The PCBEDGECLIP value sets the gap on the corners of your PCB which the mounts can grab on to. Some PCB's have components very close to the corners, if the gap between these components and the edge of the board is less than 1mm then this object probably won't work for you.

The MOUNT_EXTRA variable sets the height of the mount point that extends above the gap for the PCB. Keep this at 2mm or more, any less and it may not print properly. You may want to modify this if you want to stack PCB holders on top of each other.

Raspberry Pi

The FUDGE_FACTOR variable provides some wriggle room - the notches for the PCB's are made larger in each dimension by this amount. I generally set this to the print resolution I'm using - you can always use a file to grind away any extraneous plastic if you need to expand this gap.

I've tried to comment the code enough so you can modify it to your own needs, one of the most common requirements would be to add mounting holes to affix the PCB to a more solid foundation. For this there is I've provided a module you can modify that is already called when the object is generated:

 /* Modify the base plate     **     ** The objects defined here will be subtracted from the base plate. You can     ** use this to define mounting holes, etc. The example code given here     ** creates holes for M3 mounting bolts - if you want to do this you should     ** increase the value of 'BASE_PLATE_EXTRA' to 5 or more.     */     module modify_baseplate() {     /* Sample code to create M3 mounting holes     **     ** See notes above for more details.     **       mid_width = (BASE_PLATE_HOLE_WIDTH / 2) + ((BASE_PLATE_WIDTH - BASE_PLATE_HOLE_WIDTH) / 4);       mid_breadth = (BASE_PLATE_HOLE_BREADTH / 2) + ((BASE_PLATE_BREADTH - BASE_PLATE_HOLE_BREADTH) / 4);       // Generate mounting holes for M3 bolts on each edge of the frame       translate(v = [ 0, mid_breadth, 0 ]) {         cylinder(r = 1.5 + (2 * FUDGE_FACTOR), h = 3 * BASE_PLATE_HEIGHT, center = true, $fs = 0.3);         }       translate(v = [ 0, -mid_breadth, 0 ]) {         cylinder(r = 1.5 + (2 * FUDGE_FACTOR), h = 3 * BASE_PLATE_HEIGHT, center = true, $fs = 0.3);         }       translate(v = [ mid_width, 0, 0 ]) {         cylinder(r = 1.5 + (2 * FUDGE_FACTOR), h = 3 * BASE_PLATE_HEIGHT, center = true, $fs = 0.3);         }       translate(v = [ -mid_width, 0, 0 ]) {         cylinder(r = 1.5 + (2 * FUDGE_FACTOR), h = 3 * BASE_PLATE_HEIGHT, center = true, $fs = 0.3);         }     */       }

The code is commented out but, if enabled, would generate a set of mounting holes for M3 bolts in the center of each edge of the base plate (you do need to modify the BASEPLATEEXTRA variable to add some additional plate space to accommodate the holes without weakening the structure).

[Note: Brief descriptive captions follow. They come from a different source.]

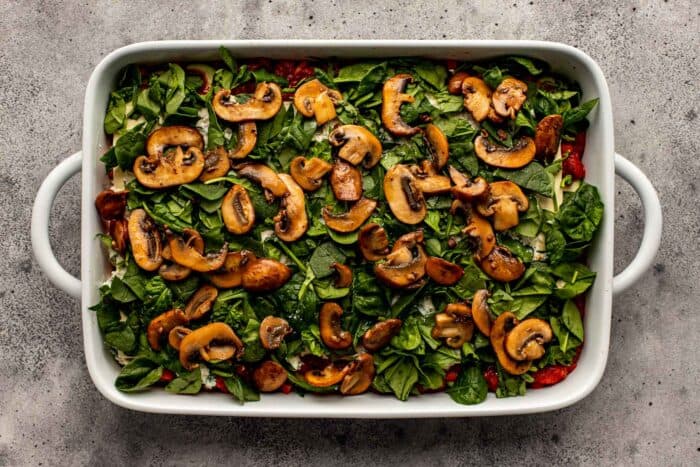 spinach and mushrooms layered in a large white baking dish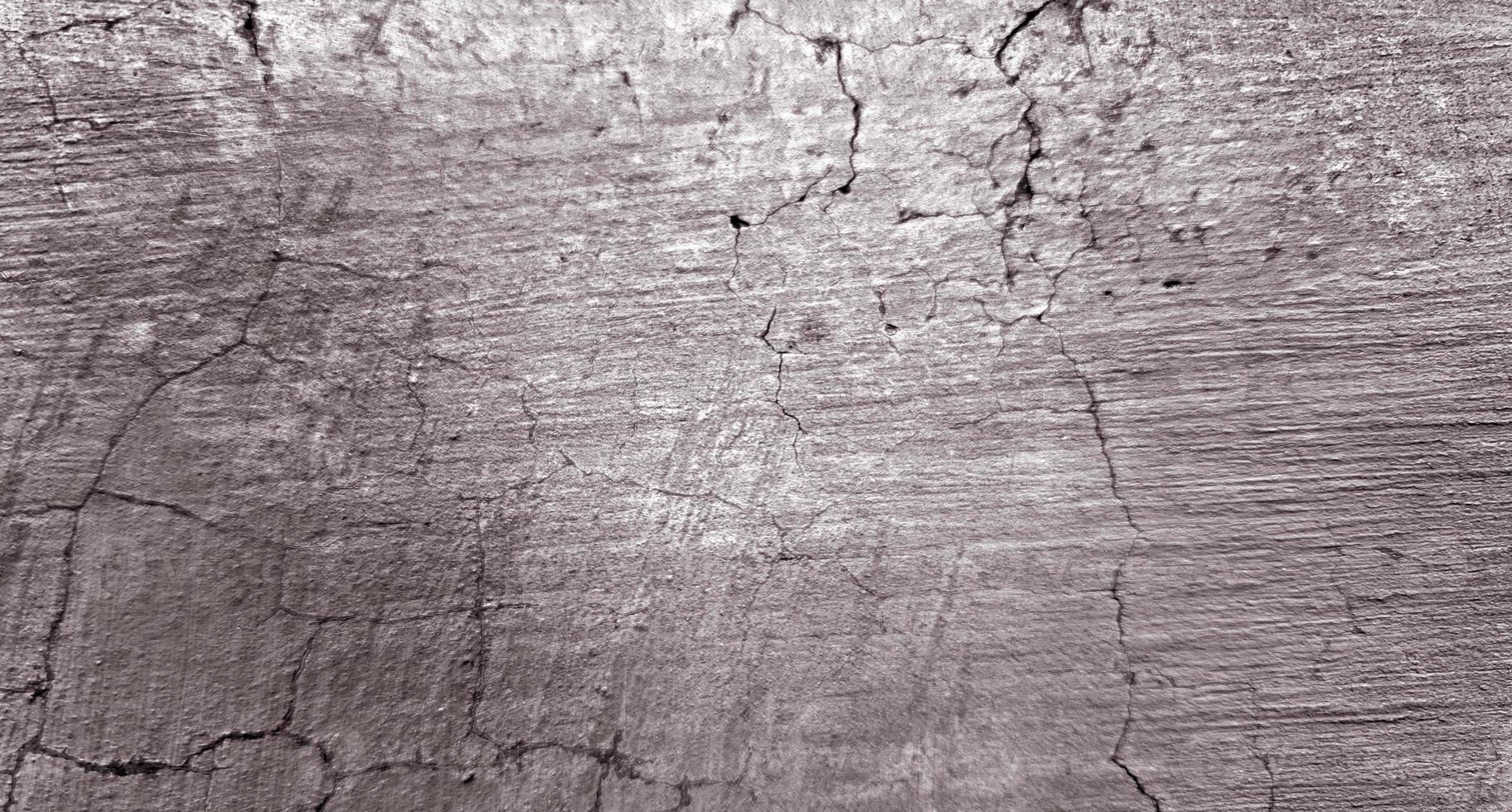 texture de ciment fissuré gris pour le fond photo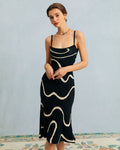 Vestido midi de punto negro con bajo sirena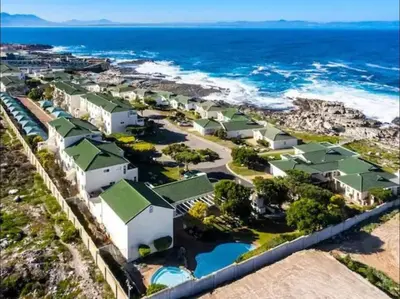 an aerial view of a resort with the ocean at Whale Rock Estate Four 1 in Hermanus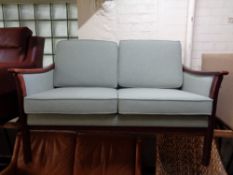 A 20th century stained beech framed two seater settee upholstered in a green fabric with similar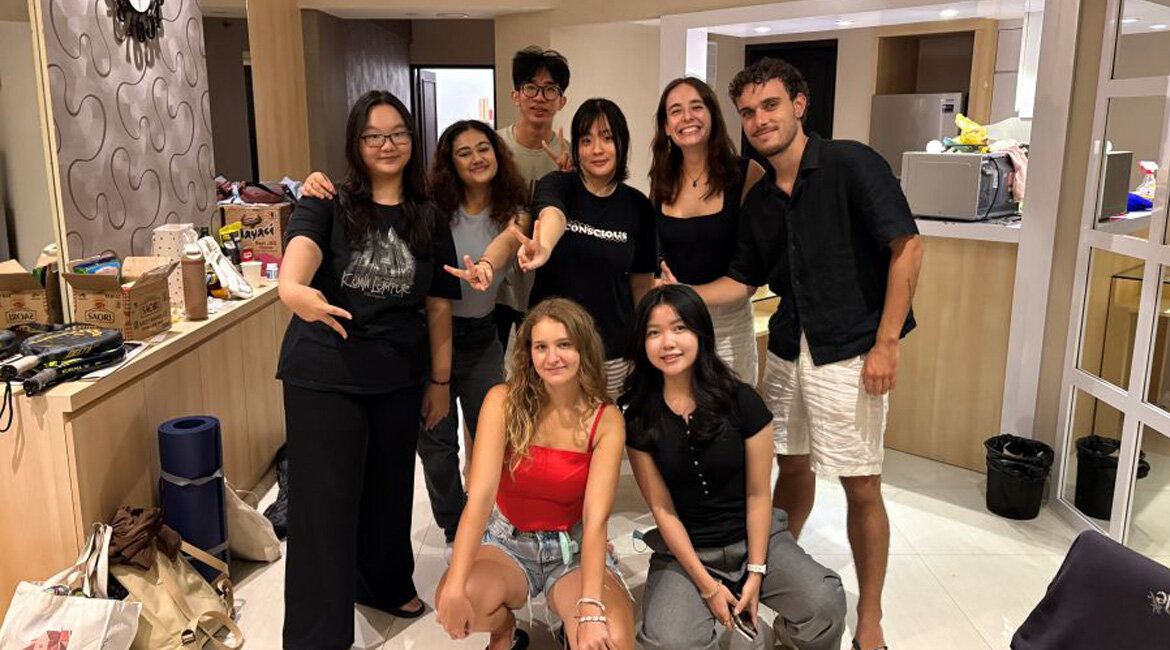 HOK-Studentin Elena sitzt lachend mit ihren internationalen Freunden in einem gemütlich bewohnten Zimmer in Indonesien.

Any object generated by this module will be subtracted from the base plate. This, combined with modifications to the main variables, gives you a fair bit of flexibility to adjust the object to your needs.

More generally I've recently added a glass bed to my printer by simply buying a cheap photo frame of around the right size and using bulldog clips to attach it. I had to adjust the limit switch detecting the zero level of the bed and then re-align the bed balancing (a process that has taken several hours so far and is not yet complete). The end result has been well worth it - the glass bed sticks well during the printing phase (I start with 95C for the first layer and then drop to 85C for the remaining layers) but makes it far easier to remove the printed objects once they are done (a few seconds of cooling and they practically fall off). It's also a lot easier to clean the print bed - I can remove it completely and use cotton balls soaked in acetone (at the moment I'm using fingernail polish remover that is about 80% acetone) to clean it before re-attaching.

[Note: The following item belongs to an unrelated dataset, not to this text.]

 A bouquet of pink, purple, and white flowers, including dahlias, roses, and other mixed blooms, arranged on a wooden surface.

At the moment I'm having some problems balancing the print bed correctly - I don't think the cheap glass is entirely uniform in thickness. Because the glass extends beyond the print area it is acting like a heat sink and bleeding heat from the edges - prints that push to the limit of my print bed area are peeling at the edges. Some more experimentation to go I think.